Figure 7: AIGC-forgery—contact info embedded into image textures via generative diffusion models.
Figure 8: Combination-camouflage—group numbers hidden in benign academic backgrounds using symbolic indirection.
Figure 9: Concealed diversion text distributed beneath long greeting images, challenging perceptual pipelines.
Implications and Future Directions
Practical Implications
Xuanwu VL-2B demonstrates that industrial-grade multimodal moderation can be achieved under tight parameter and compute budgets by integrating fine-grained perception, robust alignment, and business-oriented data curation. The architecture is deployable at scale with low VRAM/latency overhead, showing superior recall and explainability in adversarial settings. Immediate applications include content moderation, adversarial forgery interception, and explainable policy compliance on social platforms.
Theoretical Implications
The results challenge prevailing assumptions that capability and robustness in adversarial business scenarios require massive parameter expansion or complex MoE structures. Careful vision encoder selection, tailored pipeline progression, and reward-driven RL allow retention of general capabilities while achieving strong domain specialization and robustness.

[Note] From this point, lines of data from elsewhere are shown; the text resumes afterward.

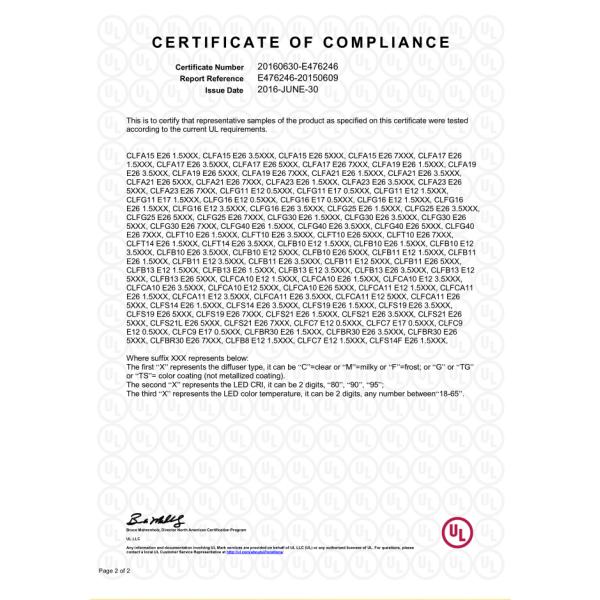 IP65 Waterproof LED ETL Connectable Christmas Lights Decoration Wedding Party Garden Lights S14 Outdoor Festoon String Lights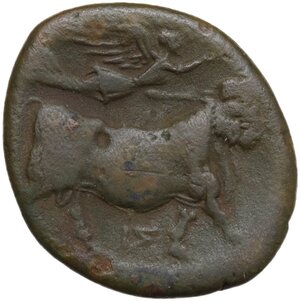 reverse: Central and Southern Campania, Neapolis. AE 21 mm. c. 275-250 BC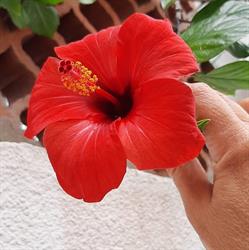 Saporé di Calasetta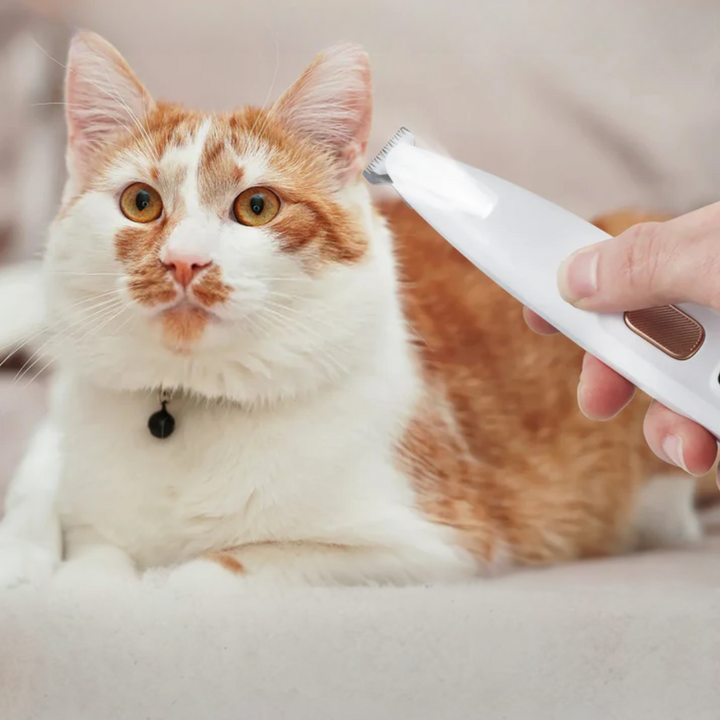 Waterproof Pet Paw Trimmer | LED Display Pet Hair Clippers | 1.8 cm Precision Grooming Blade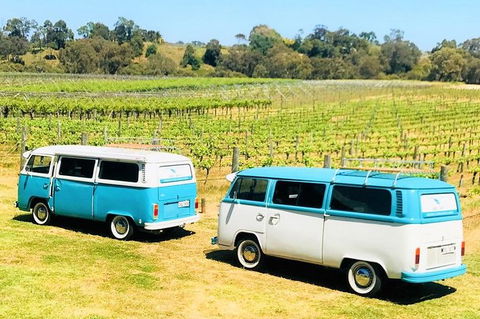 VW Kombi Wine Tour In The Swan Valley - Attractions Las Vegas 6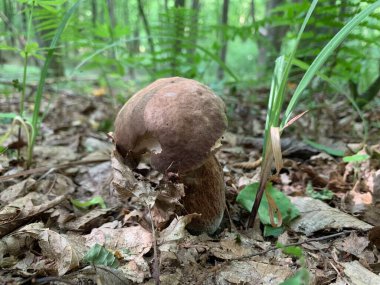 Ormanda bir mantarın yakın çekimi.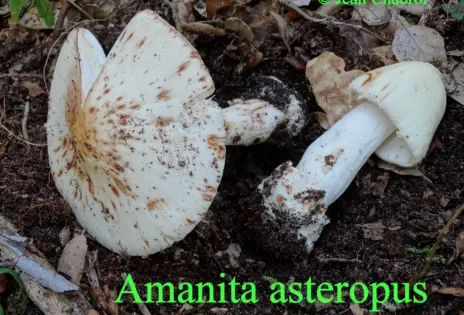 Amanita asteropus récolté sur la commune de Seignosse (40)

Speculation on Future Developments
Plans include moving toward native multimodal architectures (unified token sequences), full sensory integration (audio/video), global multilingual expansion, and further quantized inference optimizations. This may enable more agile, agentic content ecosystem foundations, with continuous self-adversarial evolution, policy distillation, and adaptation to new regulatory/unethical threats.
Limitations
Despite strong performance, the model remains susceptible to extreme edge cases: ultra-dense overlapping watermarks, pixel-level hidden text beyond perceptual resolution, and logical shortcut errors in long-context chain-of-thought outputs. Further improvements could target receptive field expansion and format compliance.
Conclusion
The study establishes Xuanwu VL-2B as a robust, compact foundation for multimodal content ecosystems, achieving high recall in business content moderation and adversarial OCR scenarios while retaining general capability. The architectural and procedural methodologies offer a blueprint for balancing domain adaptation, robustness, and efficiency in future multimodal agent systems, pointing toward increasingly adaptive and explainable industrial moderation solutions (2603.29211).